Tuesday, October 22, 2013

Old School Personal Computing

Today, I was reminiscing with a Twitter buddy about old school personal computing of the late 1970s and early 1980s. Back then, I was in junior high school and I remember how exciting it was to learn how computers worked. My first computer, the TRS-80 Model I, didn't even have an operating system. When I booted the computer I was immediately placed into a BASIC interpreter. From there I could either write a program from scratch or load one from a cassette tape. In those days there was no multitasking – only one program could be loaded in memory at a time.

There were two types of programs that I could load into my computer, either BASIC or machine language. With BASIC I learned the fundamentals of computer science: variable assignments, tests, and jumps. I recall how thrilled I was to learn more advanced data structures like arrays where I could randomly pull values out of the array, systematically.

After learning this high level language I moved onto assembly language for the Z-80 microprocessor which was fast but at the expense of having formal data structures created on the heap. The Z-80 could only add and subtract so I'd have to manually loop through addition or subtraction routines to multiply and divide numbers.

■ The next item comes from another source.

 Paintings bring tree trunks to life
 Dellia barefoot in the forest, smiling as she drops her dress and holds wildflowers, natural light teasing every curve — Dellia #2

One nice thing about multiplying by even numbers in binary is that it's faster to simply shift bits which is how we humans multiply by a factor of ten. Trying to figure out what 12 x 31 is in your head is not easy… trying to figure out what 123 x 100, even though they're bigger numbers, is simple to do without a calculator. Just shift the digits.

My first useful assembly language program was a memory tester that systematically wrote values to every single memory location and then read them back to make sure they hadn't changed.

Nowadays, computers are so inherently fast that low-level programming isn't required unless you need to touch the "metal" (direct memory addressing) for applications like device drivers.

Yup, the good ol' days of personal computing were simple, yet very exciting.